24. Oktober 2012
Leserreporter auf dem Vormarsch

Mitteldeutsche Zeitung startet Mitmachplattform in Sachsen-Anhalt

Am vergangenen Samstag startete die neue Mitmachplattform der „Mitteldeutschen Zeitung“ – nun können auch die Bürger in Sachsen-Anhalt eigene Beiträge aus ihrer Heimat veröffentlichen. Doch können Angebote abseits des professionellen Lokaljournalismus eine informative und ausgewogene Berichterstattung sicherstellen?

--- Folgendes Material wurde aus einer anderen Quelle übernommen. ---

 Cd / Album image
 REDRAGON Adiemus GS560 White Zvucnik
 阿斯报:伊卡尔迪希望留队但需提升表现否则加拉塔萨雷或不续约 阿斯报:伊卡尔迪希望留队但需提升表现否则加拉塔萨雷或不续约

Hyperlokale Inhalte sind weiterhin im Fokus von Lokalzeitungsverlagen. Eine Möglichkeit, diese in großer Vielfalt und ohne einen immensen Personalaufwand zur Verfügung zu stellen, ist die Öffnung des lokalen Online-Angebots für Leserreporter. „Leserreporter sind nicht Konkurrenz, sondern vielmehr eine wichtige Ergänzung zu professionellem Journalismus“, sagt Dr. Martin Huber, Pionier für Bürgerjournalismusangebote in Deutschland, Österreich und der Schweiz. „Die Menschen vor Ort schreiben über das, was sie bewegt. Ihre ganz persönlichen Sichtweisen sind nicht nur spannend zu lesen. In der Gesamtschau ergibt sie auch ein erstaunlich exaktes Bild über die relevanten Themen der jeweiligen Region. Redakteure wiederum haben die Möglichkeit, diese Themen aufzugreifen, sie weiterzuentwickeln und professionelles Storys daraus zu machen.“

Von diesen Vorteilen sollen nun auch die Menschen aus Sachsen-Anhalt profitieren. Das neue Portal MZ-BürgerReporter der Mitteldeutschen Zeitung stützt sich dabei auf die gogol Publishing Cloud der Augsburger Software-Firma gogol medien. Diese sorgt als technische Plattform im Hintergrund dafür, dass bereits mehr als 200.000 deutsche Leserreporter am Puls ihrer Heimat berichten können. Die Mitteldeutsche Zeitung der Mitteldeutschen Druck- und Verlagshaus GmbH & Co. KG erscheint täglich mit einer Auflage von mehr als 200.000 Exemplaren im Süden von Sachsen-Anhalt und gehört zur Kölner Verlagsgruppe M. DuMont Schauberg.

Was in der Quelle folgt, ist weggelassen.